J. Garrigues : Clemenceau ne revendique pas la victoire, c’est la République qui gagne. De Napoléon à de Gaulle, il existe une continuité. Ils écrivent leur propagande, leur mythologie, ils sont des recours. Pour de Gaulle, la guerre d’Algérie n’est pas un support pour le recours, à la différence du 13 mai.

N. Beaupré : durant la Seconde Guerre mondiale, l’écriture en guerre est plus compliquée. Il existe une littérature sur mai-juin 1940. Durant la Grande Guerre, ils sont des héros, durant la Seconde, ils sont des victimes.

C. Wolkovitch-Rioux : Rien sur les harkis à cause d’un sentiment de honte. Les enfants écrivent mais c’est une écriture de l’ordre du procès. Le problème est aussi d’écrire dans la langue de l’ennemi, c’est-à-dire en français : la solution est de faire de la langue un « butin de guerre ».

J-L. Jeannelle : les conditions d’écoute ne sont pas toujours réunies (voir S. Audoin-Rouzeau, Quelle Histoire. Un récit de filiation (1914-2014), Seuil 2013).

J-P. Rioux : il existe la correspondance de guerre pour ceux qui restent silencieux. Les soldats écrivent notamment à leur famille : « nous sommes des civils en uniforme ». Sont alors fondamentaux l’alimentation et le courrier .

– Question sur les écrits de prisonniers de guerre : sont-ils inexistants ?

Non, au contraire.

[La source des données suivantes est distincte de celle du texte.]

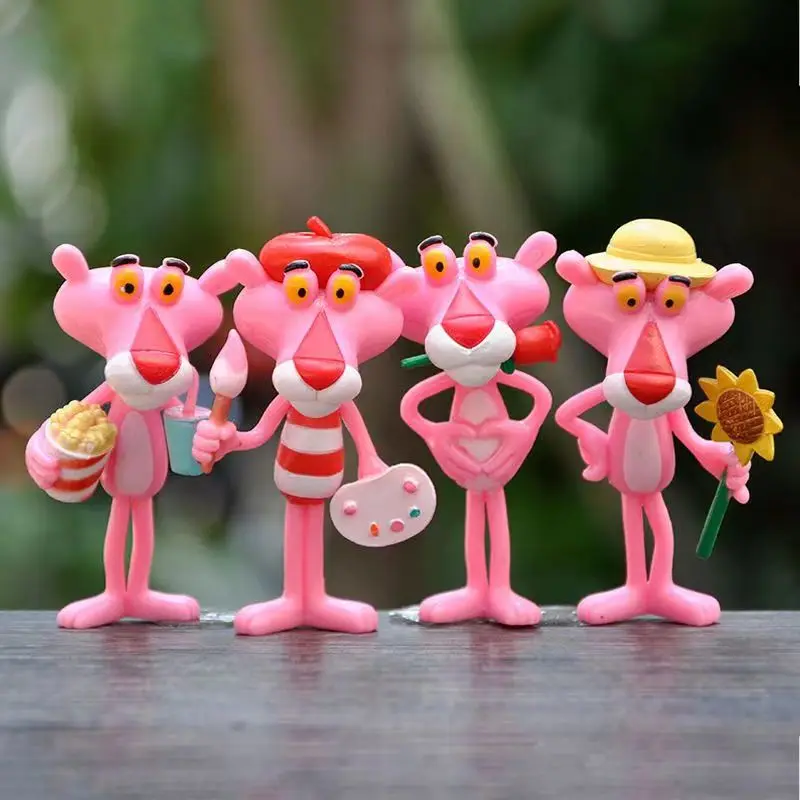 Pink Panther Animation Periferiche Action Figure Doll Student Dormitorio Room Decoration Cute Desktop Decoration Model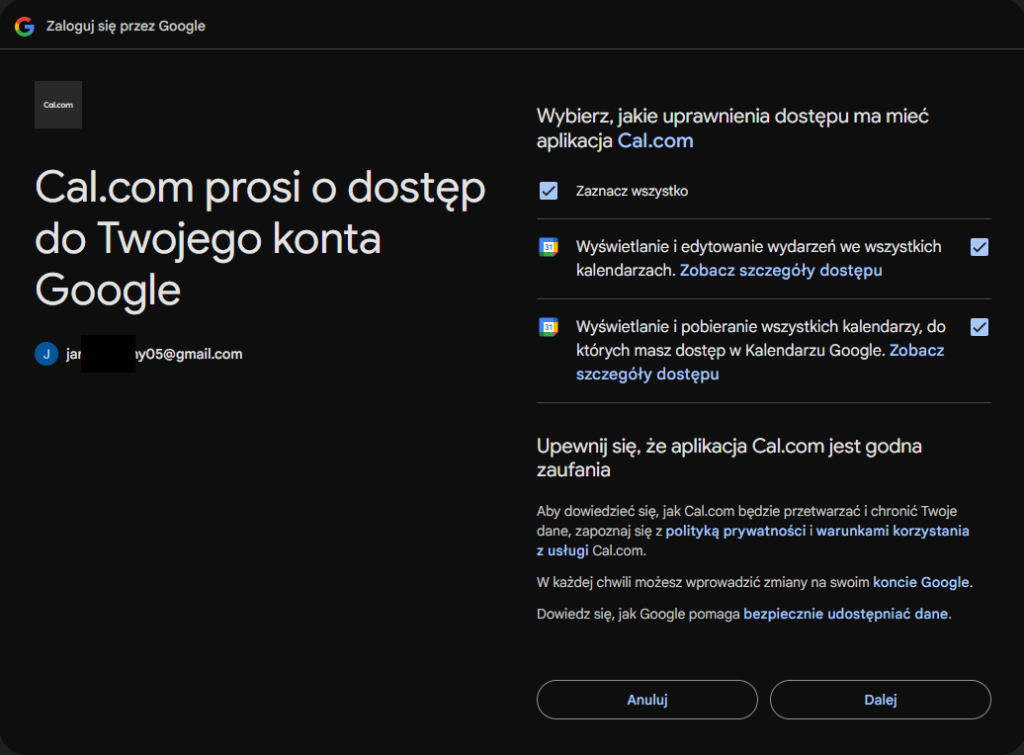 Połączenie konta Google z Cal.com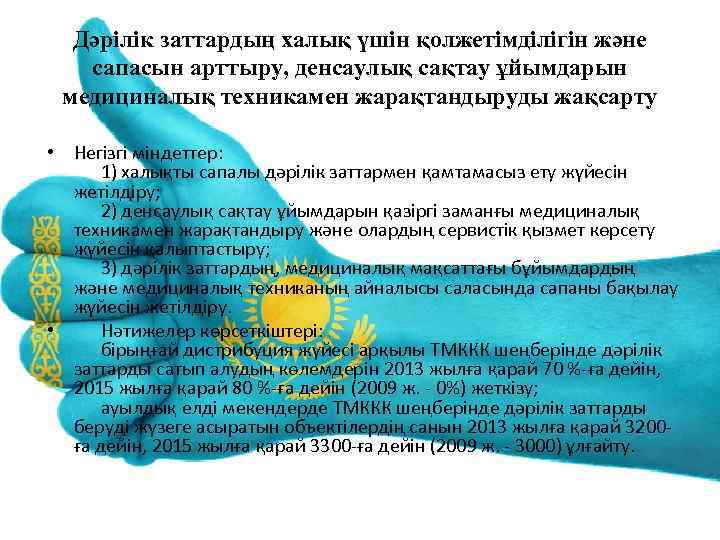 Дәрiлiк заттардың халық үшiн қолжетiмдiлiгiн және сапасын арттыру, денсаулық сақтау ұйымдарын медициналық техникамен жарақтандыруды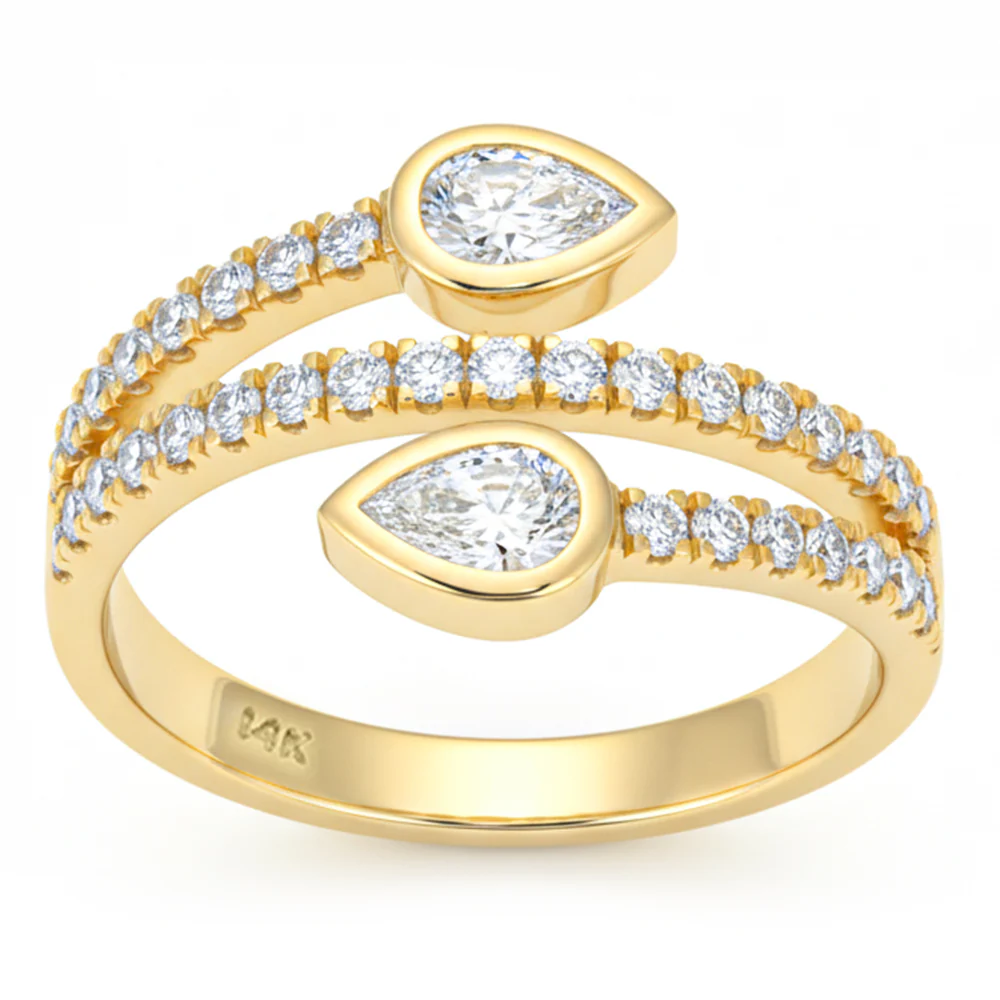 <span style="color:purple">SPECIAL!</span> .70ct G SI 14kt Yellow Gold Pear Diamond Wrap Around Bezel set Ring Size 6.5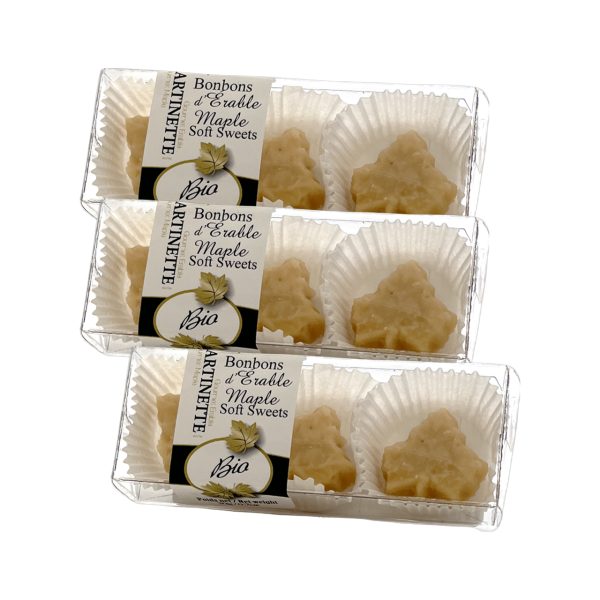 BIO- Bonbons fondants d’érable pur 20g-3 Boîtes de 3 mcx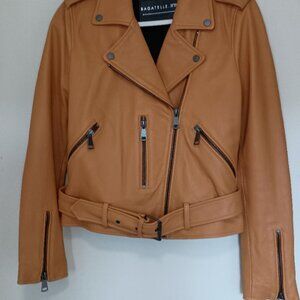 Bagatelle butterscotch lambskin biker jacket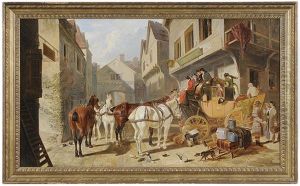 The York-london Coach At The George Inn, Stamford by John Frederick Herring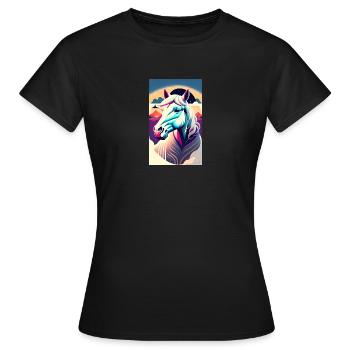 Horse | Horseback riding | Animal | Mount | Colorful - Women's T-Shirt - black - Front - AI Model Female 172 dark (172cm)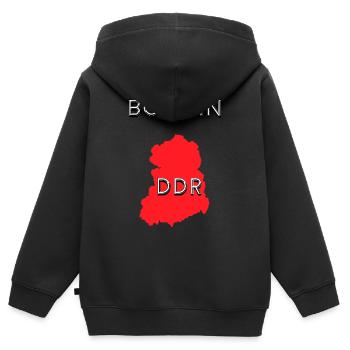 Born in DDR - Kinder Premium Organic Zip Hoodie - Schwarz - Hinten - AI Model Kid Male (0cm)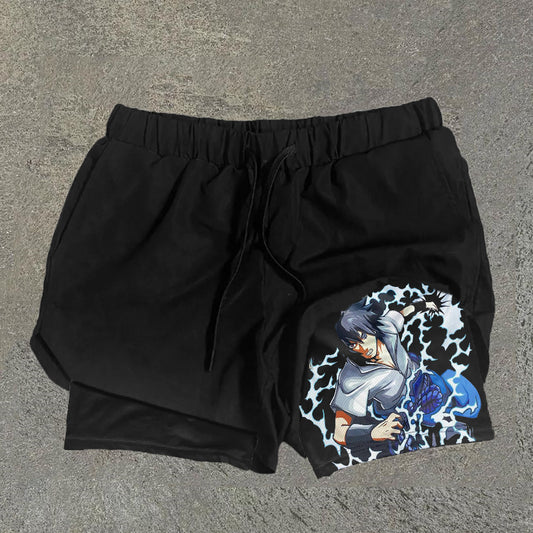 Sasuke Print Double Layer Quick Dry Shorts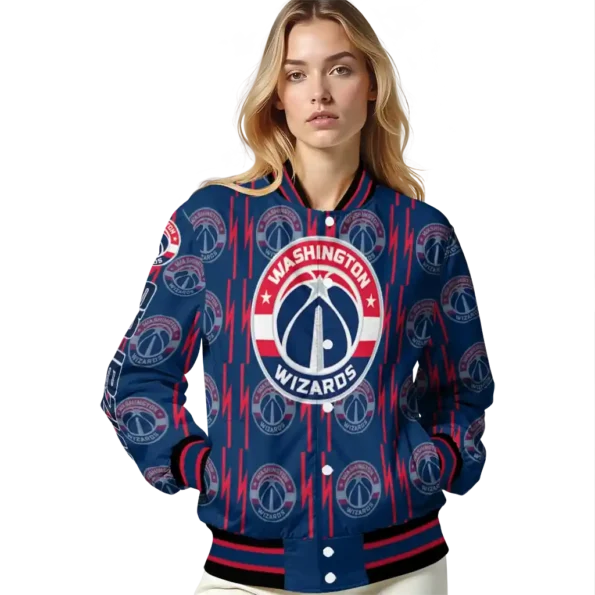 personalized washington wizards bolt stripe blue varsity jacket latest model.webp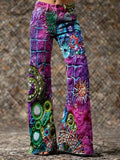 Women's Colorful Art Print Casual Washed Pants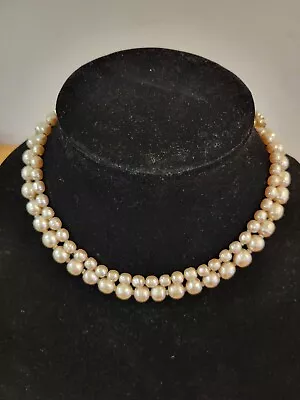 Vintage 1940s Miriam Haskell Two Strand Baroque Pearls Choker Necklace - Signed • $31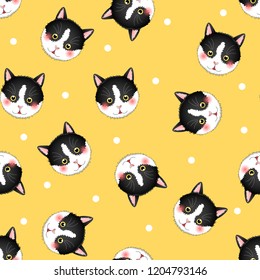 Black White Cat on Yellow Background. Vector Illustration.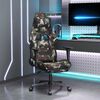 vidaXL Silla gaming giratoria con reposapi&eacute;s tela camuflaje y negro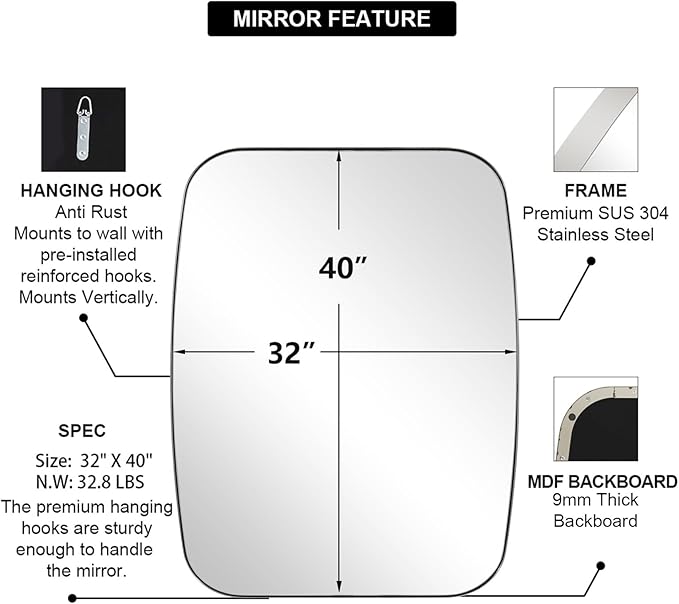 ANDY STAR Chrome Oblong Mirror, 32x40 Inch Polished Chrome Oval Mirror - Image 5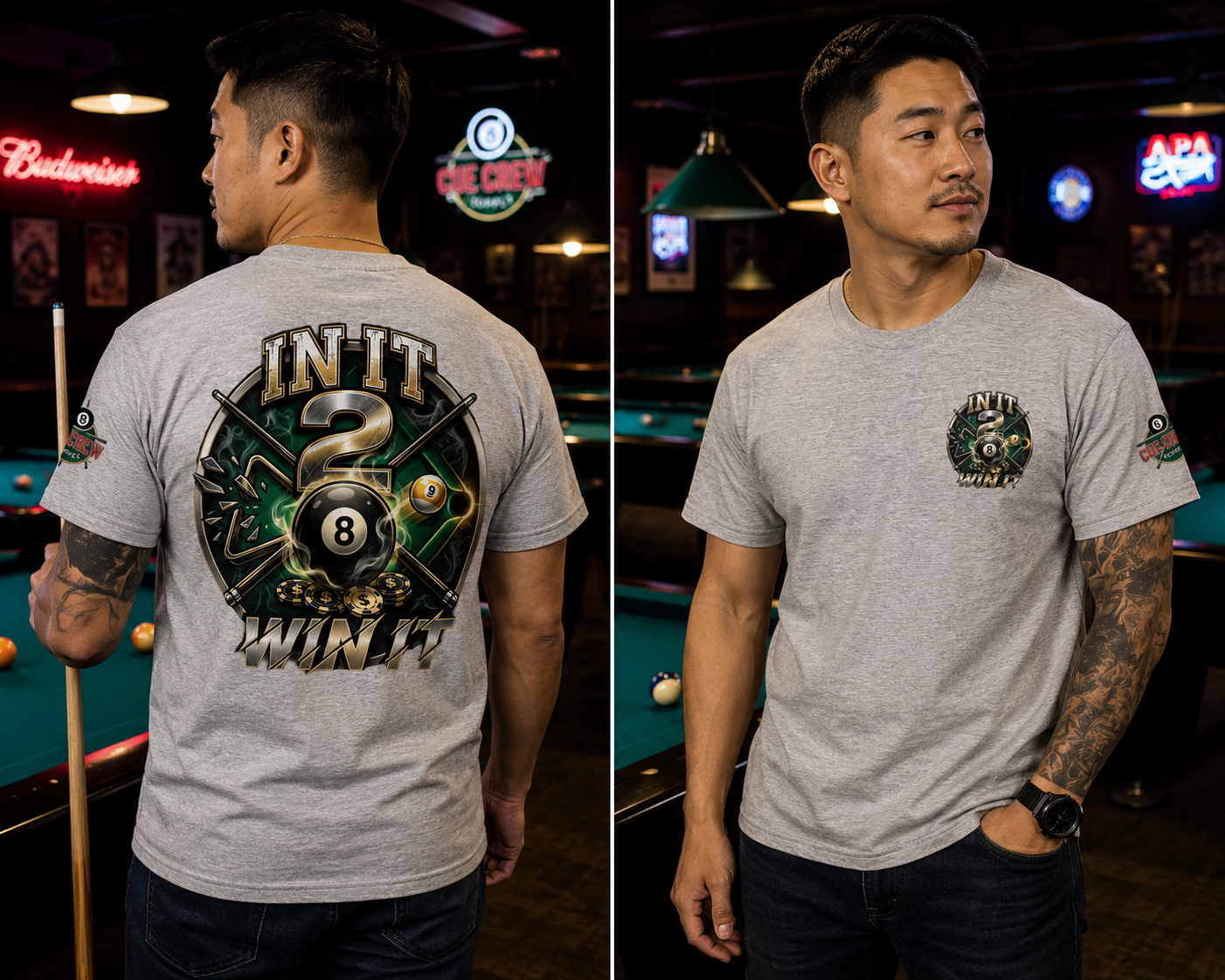 In It 2 Win It Pool Player T-Shirt | Lucky 8 Ball & 9 Ball Billiards Graphic Tee | Cue Crew Supply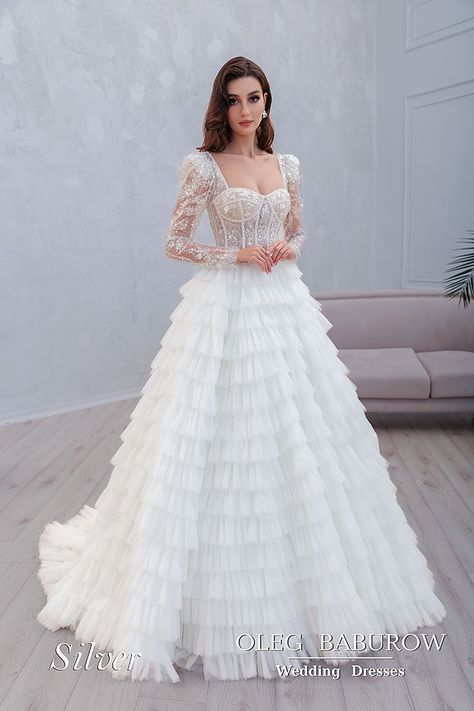 Wedding Dress Tiered, Gowns Designs, Glitter Skirt, Chapel Train Wedding Dress, Glitters Skirt, Wedding Dress Collection, White Wedding Gowns, A Line Wedding Dress, A-line Wedding Dress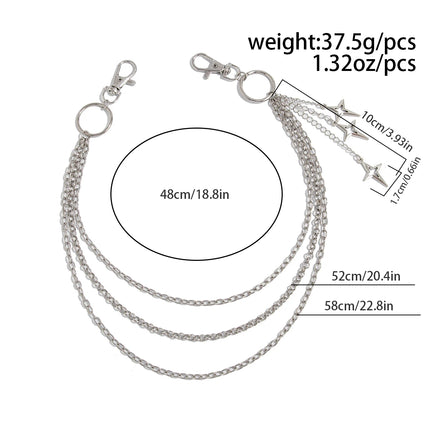 Hot Sale FashionSalircon Punk Multilayer Metal Star Pendant Pant Chain Hip Hop Waist keychain Jeans Chain Women Trendy Jewelry A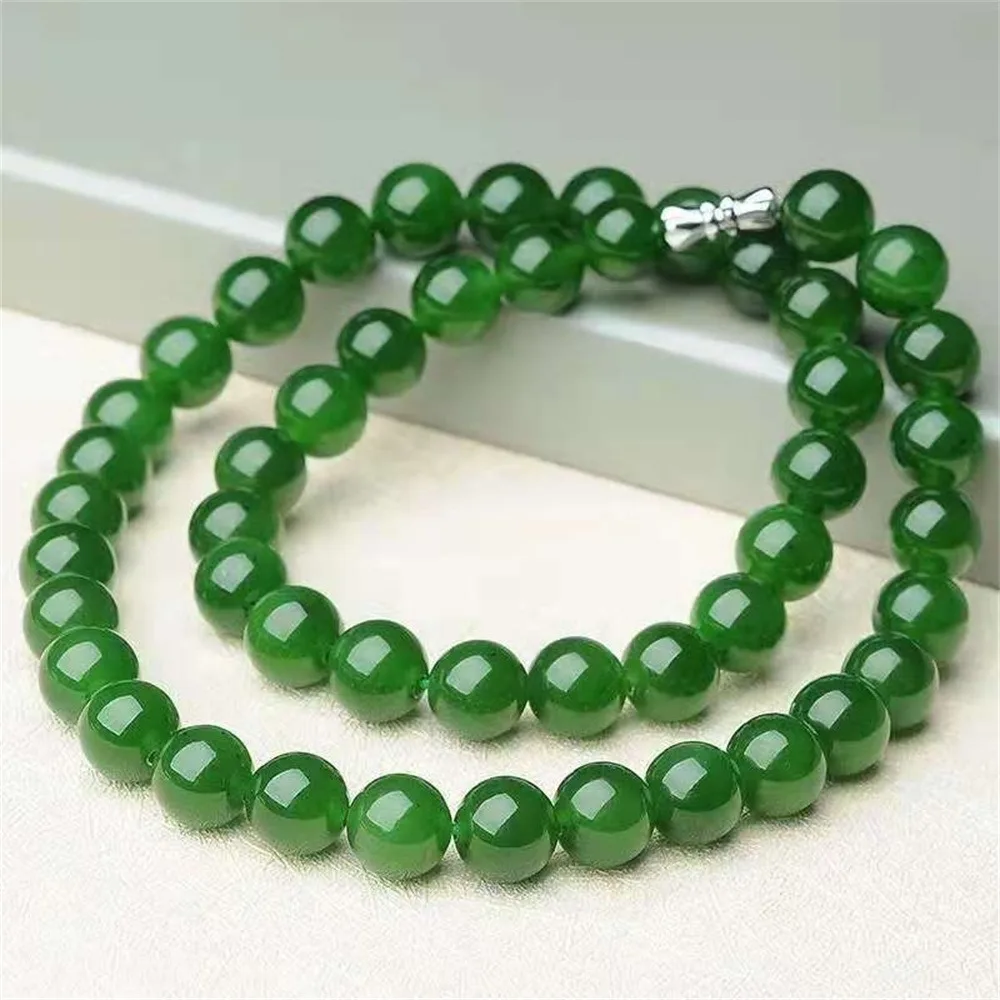 Natural Stone Green Jade Beads Jewelry Set for Women in Jewelry Sets Necklace Bracelet Energy Chalcedony 6/810mm Gift Wholesale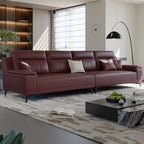 Modish Solid Color Stain Resistant Standard Sofa in Mocha Pu Leather with 2 Pillows, Seats 4/3/2-seater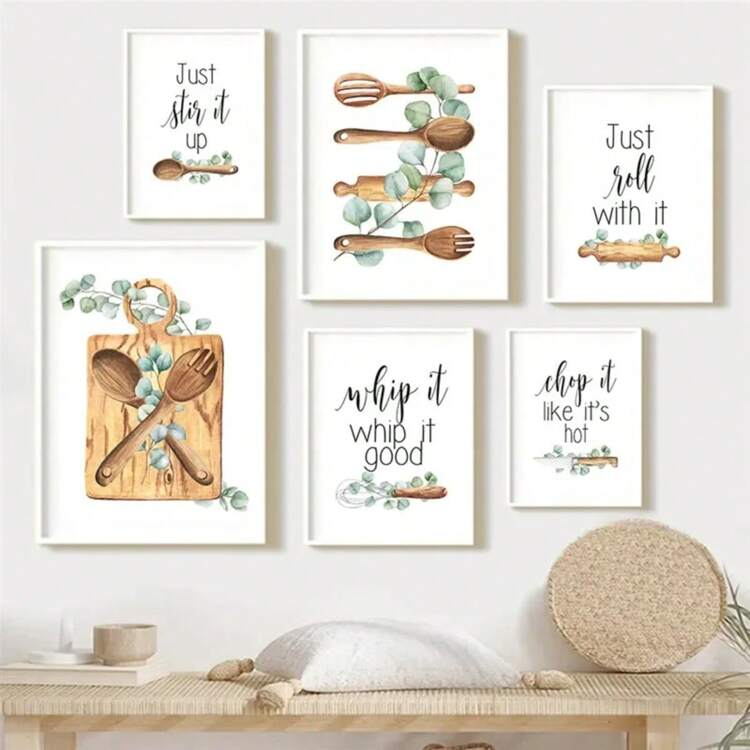 1 pieza Decoración de pared de arte para el hogar de la cocina Pintura en lienzo abstracta de utensilios de cocina Pósteres de pared sin marco - Multicolor - Añade 1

Beaucoup d’écrits paraissent pendant la guerre (prisonniers pétainistes mais pas seulement : Francis Ambrière, Les Grandes Vacances, est le prix Goncourt 1940, Henri Pourrat, Vent de Mars, est le prix Goncourt 1941, Robert Gaillard, Les Liens de Chaîne est le prix Renaudot 1942) ou après : les plus remarquables sont ceux de Henri Calet ou de Georges Hyvernaud. Dans les années 1980, beaucoup de prisonniers de guerre font paraître à compte d’auteur.